Quality of the rendering is indicated for jpegs ; results are in number of frames (50 is 1 sec).
I've put the results in a "code" tag to preserve formatting :

Code:

iff (768x512x8)

    v              31

    ppshow         45

    visage         48

    fastview       56

    viewtek        58



gif (800x533x8)

    v              76

    showgif        93

    zgif          119

    ppshow        207

    viewtek       378



jpeg (500x333x24)

    sjfif          67    (low qual)

    visage        129    (medium qual)

    fastview      158    (medium qual)

    fjpeg_aga     186    (high qual)

    v             233    (high qual)

    ppshow        235    (low qual)

    jpegaga       374    (high qual)

    viewtek       512    (medium qual)

Versions used : sjfif 1.72, visage 39.22, fastview 2.0, fjpeg_aga 1.10, ppshow 4.0, jpegaga 2.2, viewtek 2.00.

As you can see, there's still room for improvement on the jpeg part...
Who's willing to help ?

Thorham

10 December 2007 14:58

Quote:

Originally Posted by meynaf

I'm pretty sure my friend Thorham will be interested ;)

You got that right :D

Quote:

Originally Posted by meynaf

As you can see, there's still room for improvement on the jpeg part...
Who's willing to help ?

You know I am, meynaf.
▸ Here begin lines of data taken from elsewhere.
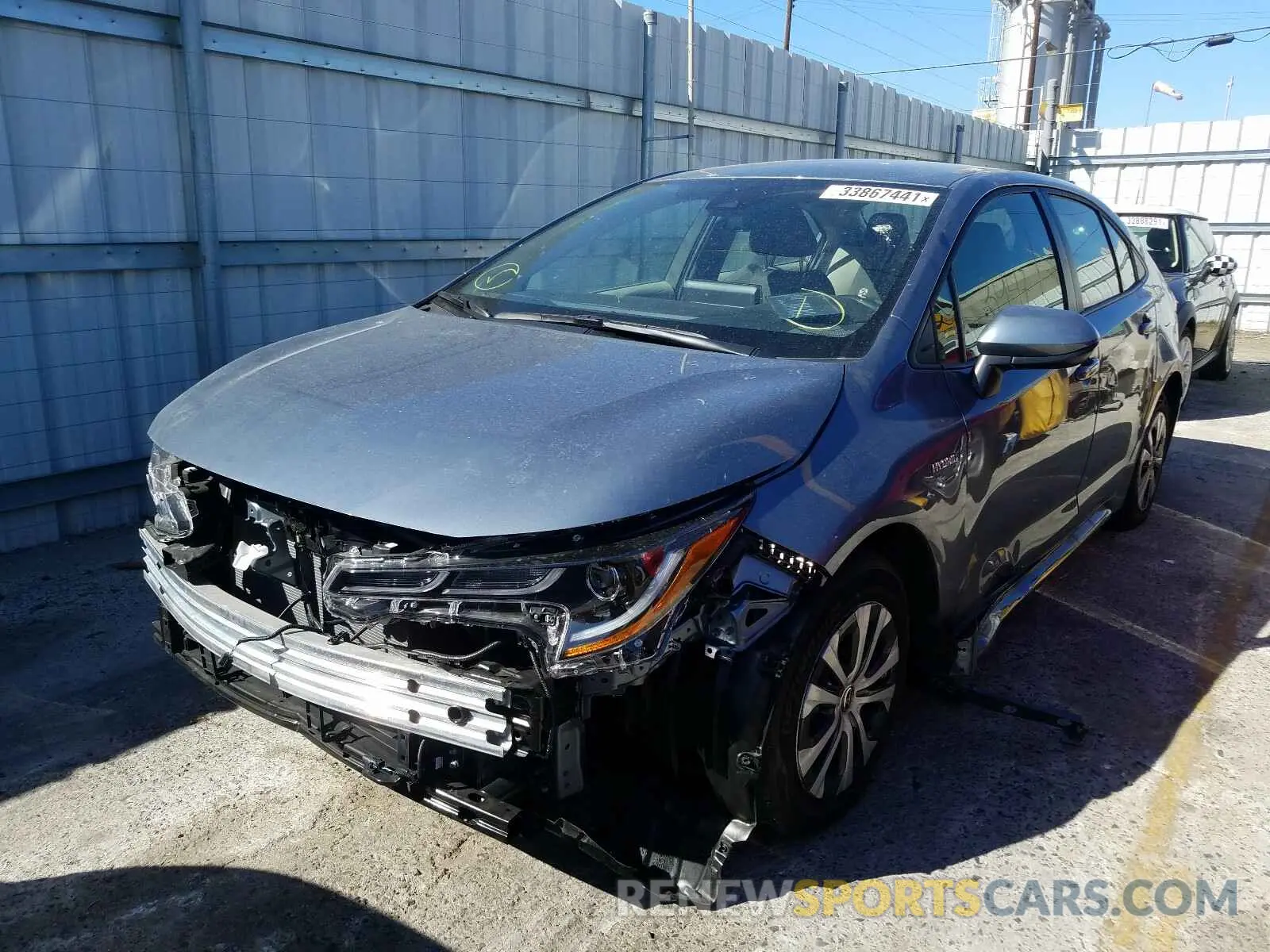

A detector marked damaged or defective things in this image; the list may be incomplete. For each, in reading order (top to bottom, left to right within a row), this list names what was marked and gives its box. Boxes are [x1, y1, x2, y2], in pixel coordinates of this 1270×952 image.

damaged toyota corolla [144, 158, 1187, 901]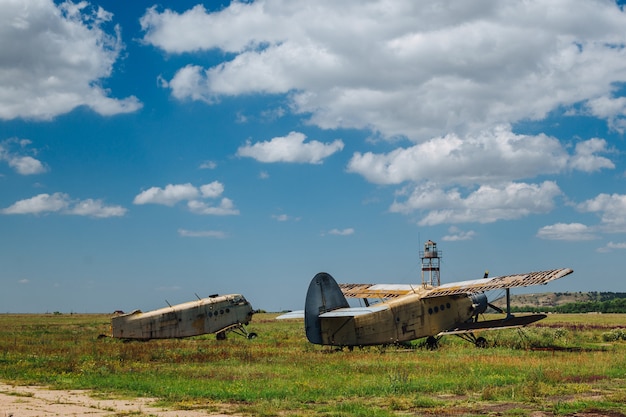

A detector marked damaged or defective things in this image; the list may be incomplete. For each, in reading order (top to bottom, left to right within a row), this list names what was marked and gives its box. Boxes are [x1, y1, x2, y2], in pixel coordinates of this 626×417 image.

rusty old airplane [111, 292, 255, 342]
rusty old airplane [294, 266, 572, 348]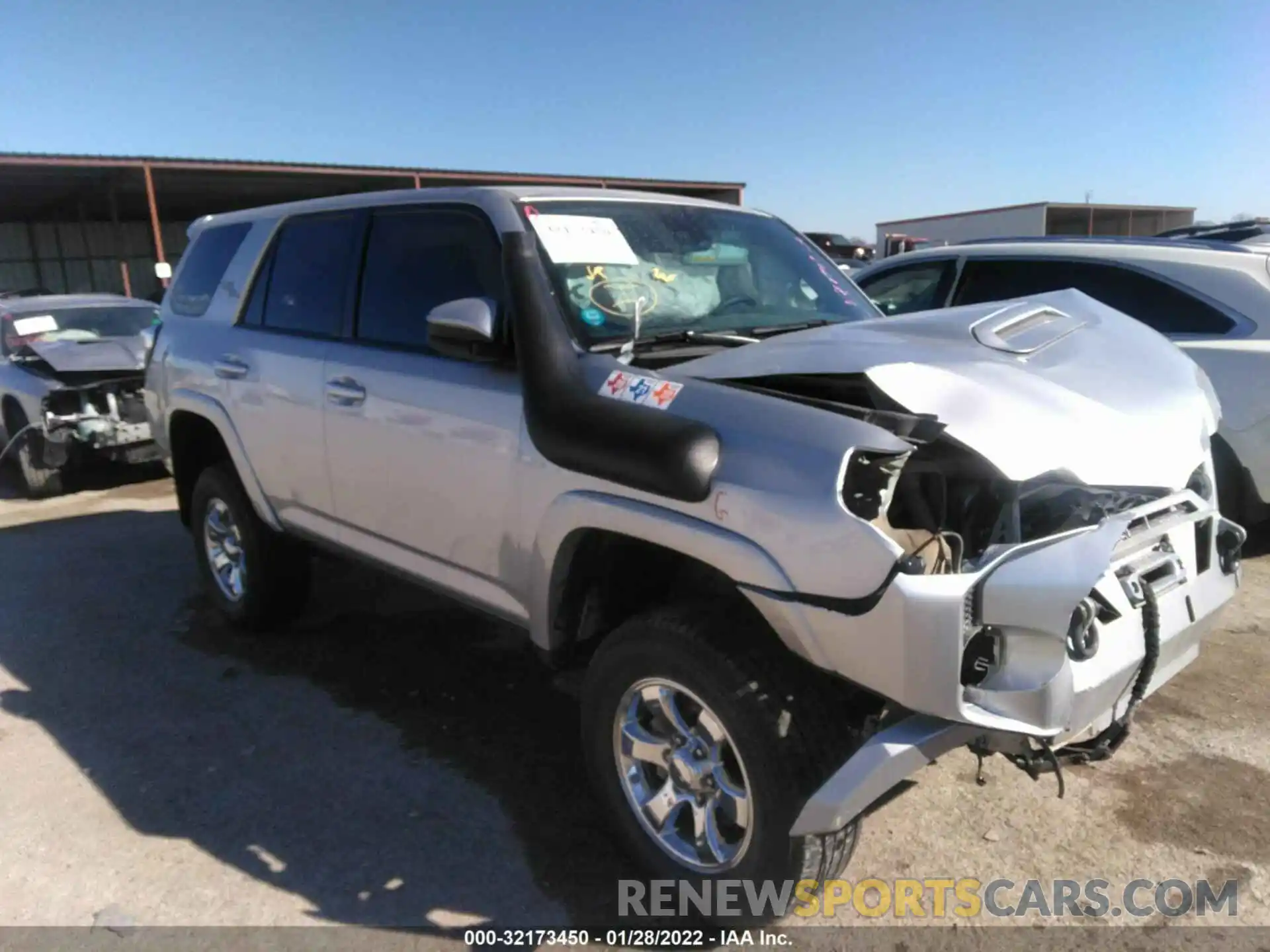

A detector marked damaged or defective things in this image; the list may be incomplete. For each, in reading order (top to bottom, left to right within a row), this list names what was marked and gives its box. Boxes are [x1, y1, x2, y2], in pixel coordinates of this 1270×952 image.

damaged gray sedan [1, 294, 163, 495]
crumpled hood [24, 337, 147, 373]
crumpled hood [677, 287, 1217, 487]
damaged gray sedan [144, 188, 1244, 899]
Pretty cool, some more code look into. Thanks for sharing :great

For iff and gif the speed is definitely great, as for the jpeg part, if it's unoptimized c then there should be a lot of room for improvement.

meynaf

10 December 2007 15:38

Thanks for your help :great

The code isn't unoptimized C. The IJG (Independent Jpeg Group) have taken care about their code's speed quite a lot.
But, of course, it's still C, so it leaves a lot of room for improvements.

If you like code to look at, then you can also look at the other thread I've just opened :
http://eab.abime.net/showthread.php?t=33574

Thorham

10 December 2007 23:28

Quote:

Originally Posted by meynaf

If you like code to look at, then you can also look at the other thread I've just opened :
http://eab.abime.net/showthread.php?t=33574

Thanks :great

When I tried to assemble the v source code, all I got was an object file, as I didn't realize the c parts were needed, too :banghead:banghead:banghead (that's called not reading a post properly) I have dice 3.16 and storm c++, and don't know a lot about them, so it's going to take some time to get this to work, and I don't have much experience with c compilers in general anyway, so it's not going to be easy for me, either. But that doesn't matter, maybe I can learn something from this :D Although it might not be necessary to compile the jpeg decoder, as the c code hast to go anyway.
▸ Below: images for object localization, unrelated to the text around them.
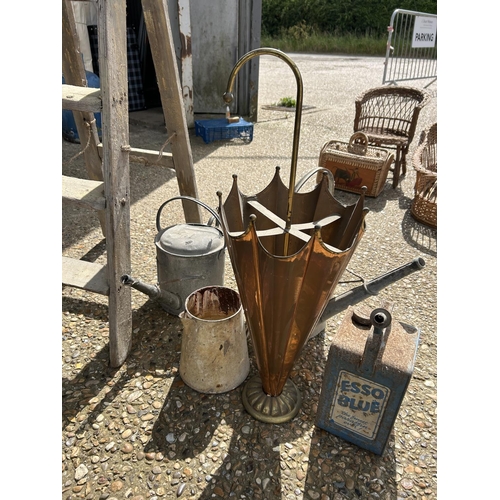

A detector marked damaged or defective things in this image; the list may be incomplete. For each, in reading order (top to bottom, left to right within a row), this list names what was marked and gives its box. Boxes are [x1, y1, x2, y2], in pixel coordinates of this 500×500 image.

rusted metal pail [180, 286, 250, 394]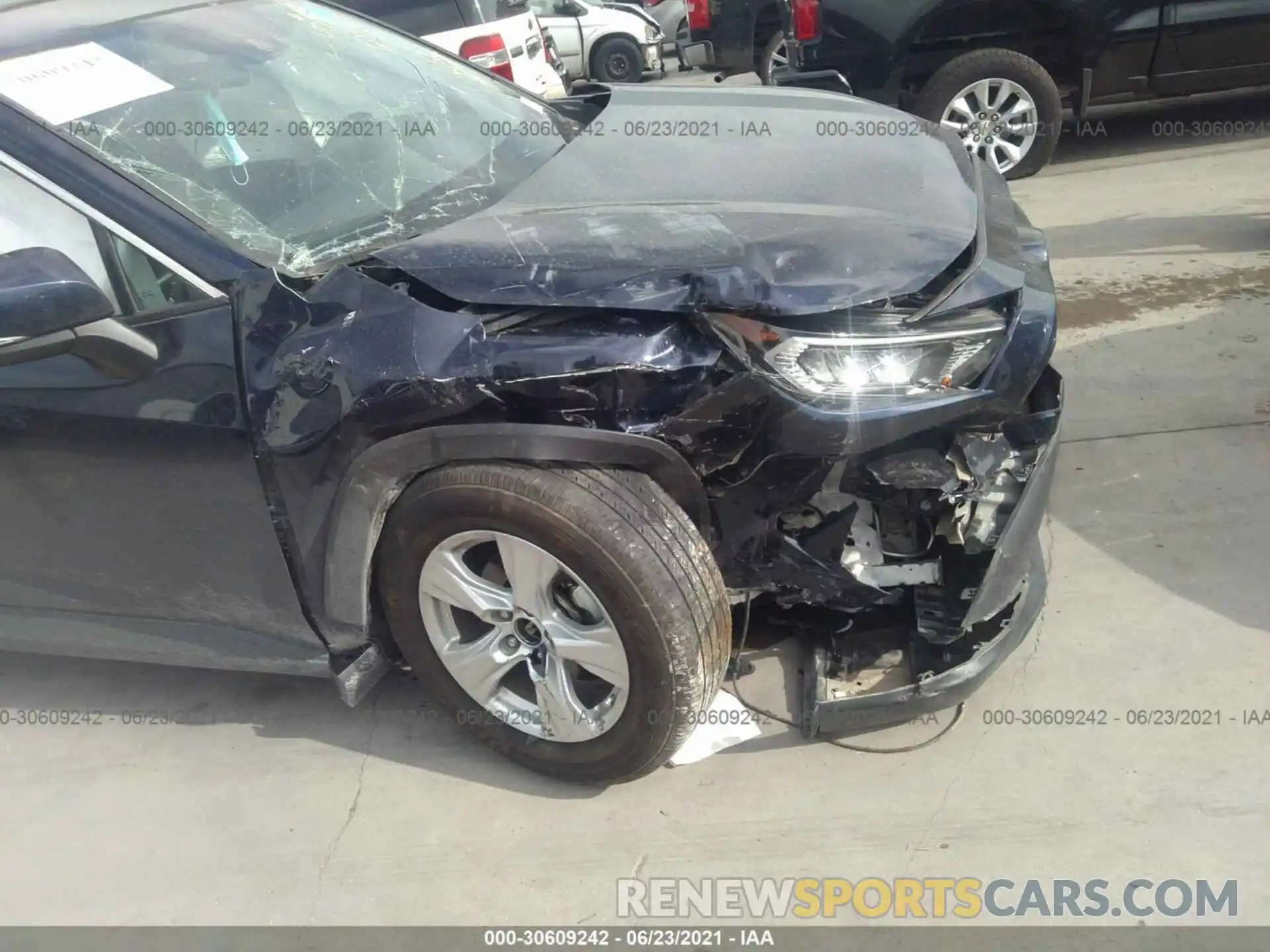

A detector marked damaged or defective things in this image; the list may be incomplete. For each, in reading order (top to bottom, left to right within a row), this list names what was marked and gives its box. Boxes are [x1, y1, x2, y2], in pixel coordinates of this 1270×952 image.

shattered windshield glass [17, 0, 573, 274]
cracked windshield [58, 0, 572, 274]
crushed hood [370, 84, 975, 318]
damaged dark blue suv [0, 0, 1062, 781]
broken headlight [757, 309, 1005, 403]
damaged front bumper [802, 368, 1062, 736]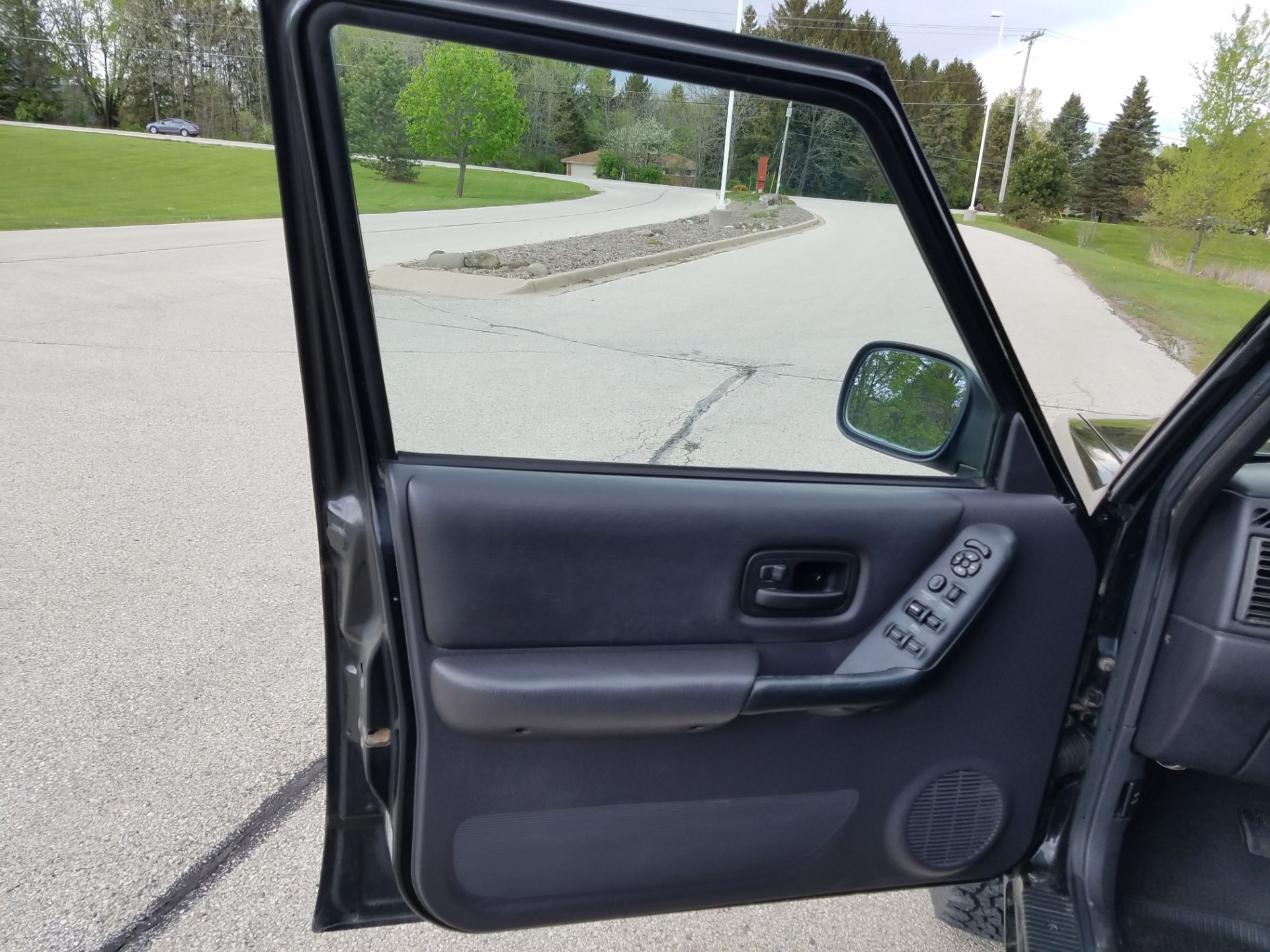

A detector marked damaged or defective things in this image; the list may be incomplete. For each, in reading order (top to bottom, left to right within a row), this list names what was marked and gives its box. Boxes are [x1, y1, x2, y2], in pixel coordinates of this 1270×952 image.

cracked asphalt [0, 180, 1193, 952]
I must also admit that I don't have a whole lot of c programming experience, so I might not be able to help here :o

meynaf

11 December 2007 10:28

If you're unable to read c code, then it's possible to make the compiler output an asm source (I sure can do it), then to take this as a starting point. We don't even need to look at all the asm at once, just one part after another - some may require a little bit more code cleanup in the source before ; there are just too many structs with fields we won't use.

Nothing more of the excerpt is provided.